==== Entries supplied ====
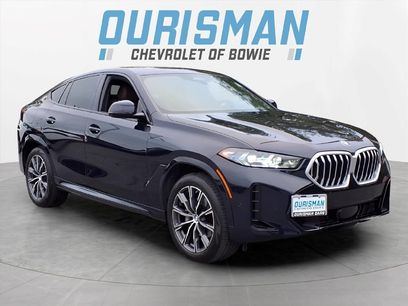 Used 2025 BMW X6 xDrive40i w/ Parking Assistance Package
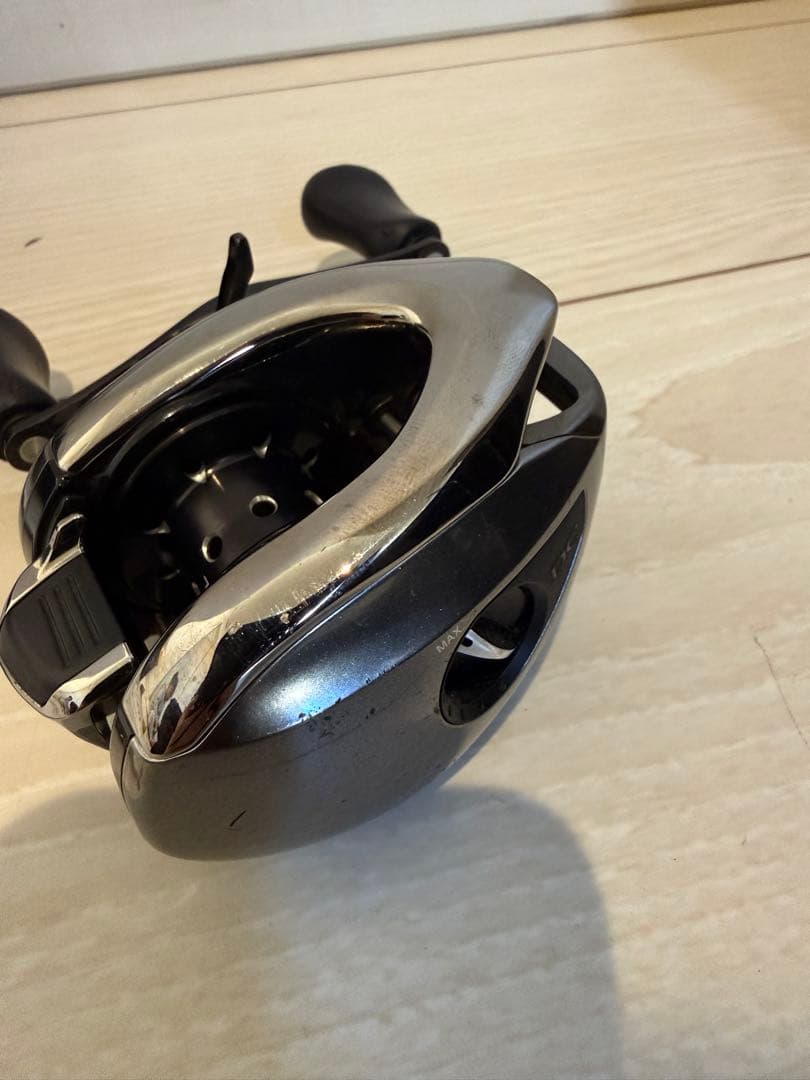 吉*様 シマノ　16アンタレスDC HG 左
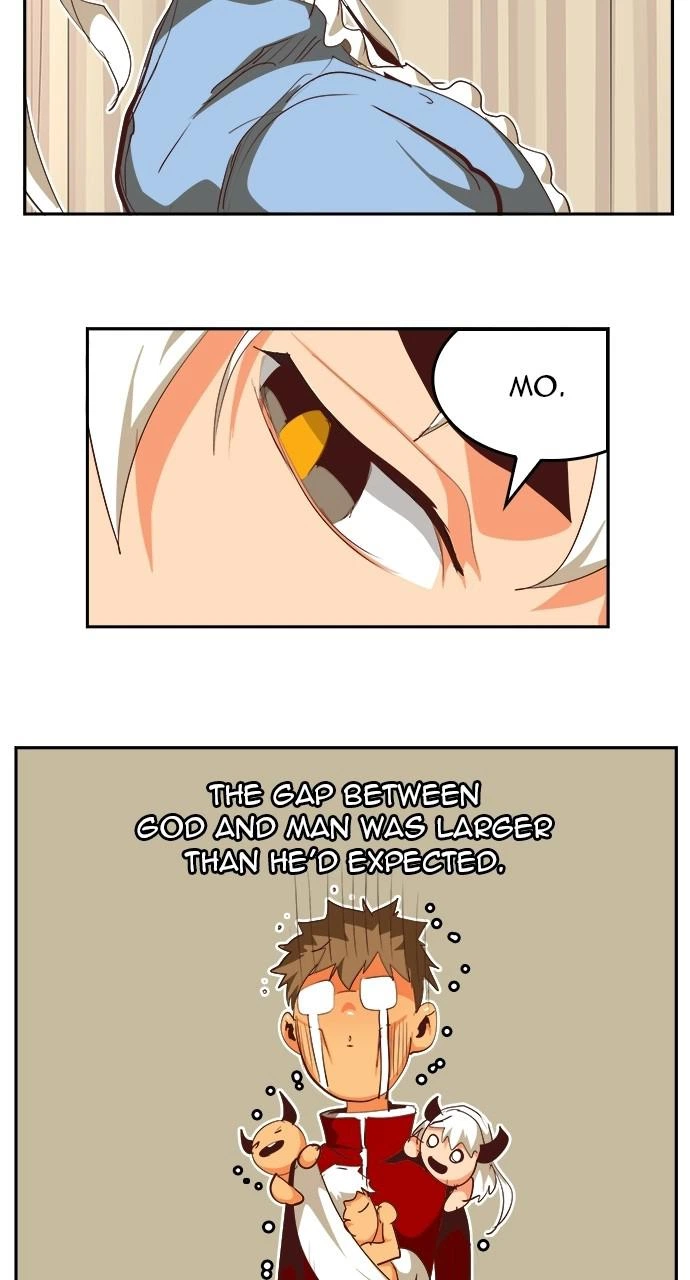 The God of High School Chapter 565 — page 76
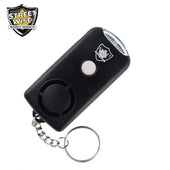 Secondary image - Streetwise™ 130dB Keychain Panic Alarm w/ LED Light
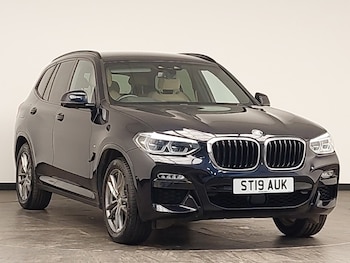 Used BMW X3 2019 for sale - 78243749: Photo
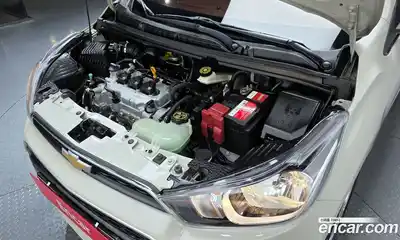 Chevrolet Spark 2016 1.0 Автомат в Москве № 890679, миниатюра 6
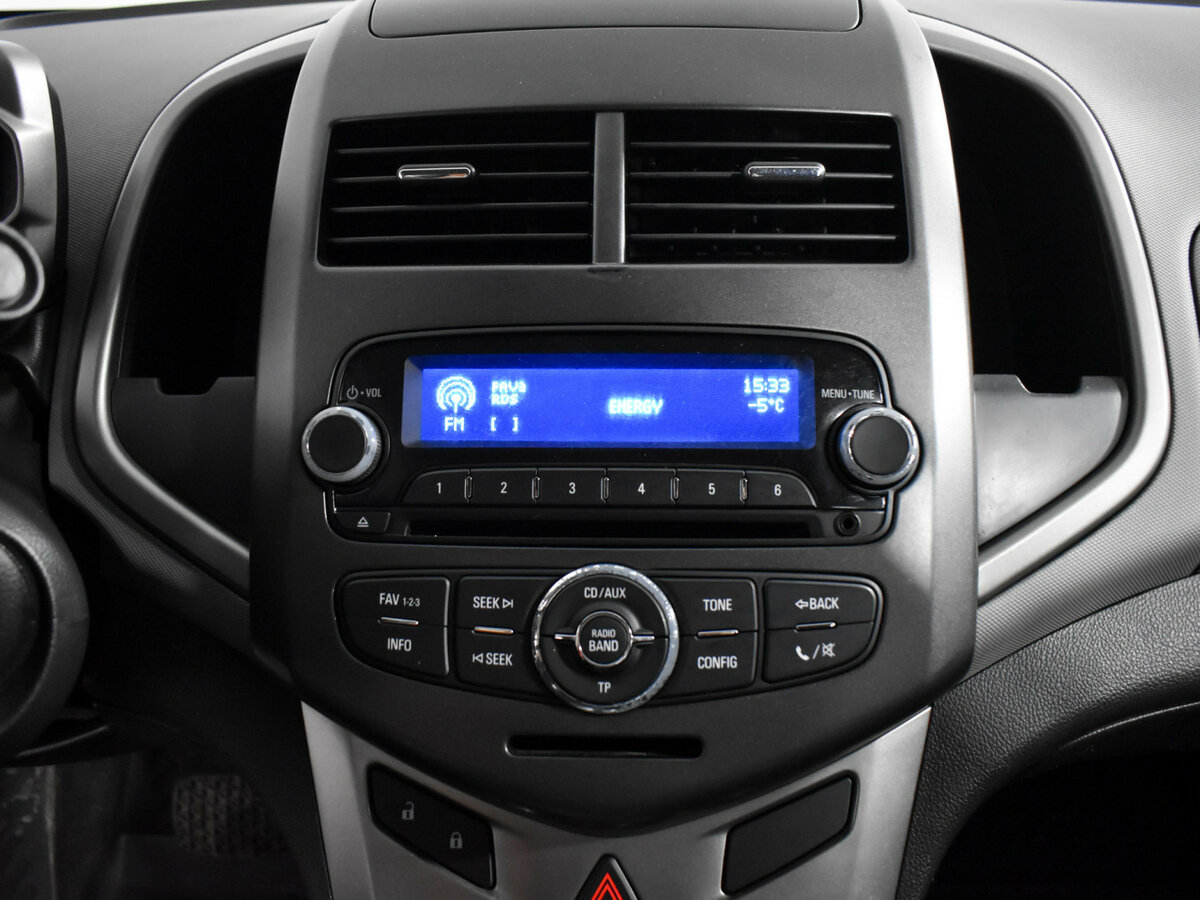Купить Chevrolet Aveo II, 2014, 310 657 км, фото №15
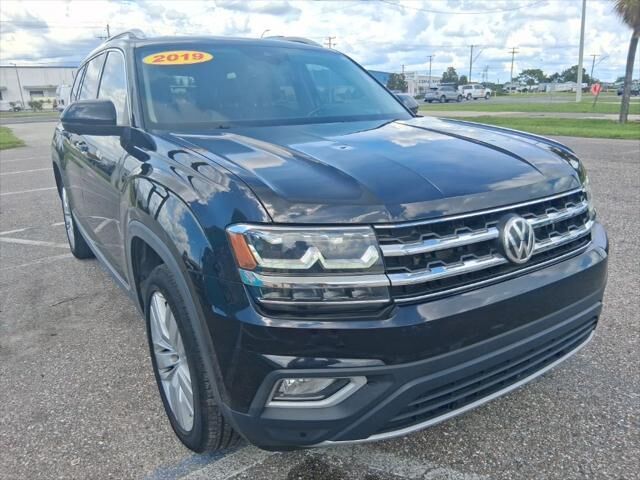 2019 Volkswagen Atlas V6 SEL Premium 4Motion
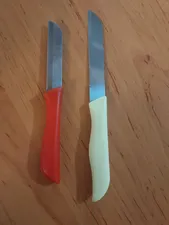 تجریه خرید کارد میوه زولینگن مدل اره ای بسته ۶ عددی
====
**Work instruction:**
A verbatim copy of every record is required, with all pictures excluded.

**Response for this exercise:**
 Used 2025 BMW X6 xDrive40i w/ Parking Assistance Package
 吉*様 シマノ　16アンタレスDC HG 左
 The God of High School Chapter 565 — page 76
 Secondary image - Streetwise™ 130dB Keychain Panic Alarm w/ LED Light
 Used BMW X3 2019 for sale - 78243749: Photo
 Chevrolet Spark 2016 1.0 Автомат в Москве № 890679, миниатюра 6
Купить Chevrolet Aveo II, 2014, 310 657 км, фото №15
 2019 Volkswagen Atlas V6 SEL Premium 4Motion
 تجریه خرید کارد میوه زولینگن مدل اره ای بسته ۶ عددی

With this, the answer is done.